Differentiating macrophage activation syndrome in systemic juvenile idiopathic arthritis from other forms of hemophagocytic lymphohistiocytosis

OBJECTIVES: To identify measures distinguishing macrophage activation syndrome (MAS) in systemic juvenile idiopathic arthritis (sJIA) from familial hemophagocytic lymphohistiocytosis (FHL) and virus-associated hemophagocytic lymphohistiocytosis (VA-HLH) and to define appropriate cutoff values. To evaluate suggested dynamic measures differentiating MAS in patients with sJIA from sJIA flares.

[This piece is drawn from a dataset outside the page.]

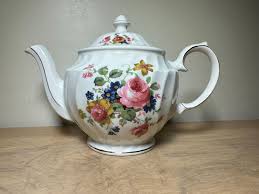 Vintage WINDSOR England Floral/Flower Basket Teapot ...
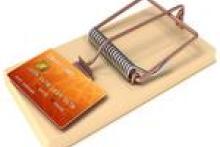 متصدی فروش نمایندگی خودرو عامل سرقت اطلاعات بانکی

STUDY DESIGN: In a cohort of patients referred for evaluation of hemophagocytic lymphohistiocytosis, we identified 27 patients with sJIA and MAS (MAS/sJIA) fulfilling the criteria of the proposed preliminary diagnostic guideline for the diagnosis of MAS in sJIA. Ten measures at diagnosis were compared between the MAS/sJIA group and 90 patients with FHL and 42 patients with VA-HLH, and cutoff values were determined. In addition, 5 measures were analyzed for significant change from before MAS until MAS diagnosis.

RESULTS: Neutrophil count and C-reactive protein were significantly higher in patients with MAS/sJIA compared with patients with FHL and patients with VA-HLH, with 1.8×10(9)/L neutrophils (sensitivity 85%, specificity 83%) and 90 mg/L C-reactive protein (74%, 89%) as cutoff values. Soluble CD25<7900 U/L (79%, 76%) indicated MAS/sJIA rather than FHL/VA-HLH. Platelet (-59%) and white blood cell count (-46%) displayed a significant decrease, and neutrophil count (-35%) and fibrinogen (-28%) showed a trend during the development of MAS. However, a substantial portion of patients had values at diagnosis of MAS within or above the normal range for white blood cells (84%), neutrophils (77%), platelets (26%), and fibrinogen (71%).

CONCLUSION: Readily available measures can rapidly differentiate between MAS/sJIA and FHL/VA-HLH. The findings substantiate that a decline of measures may facilitate the distinction of MAS from flares of sJIA.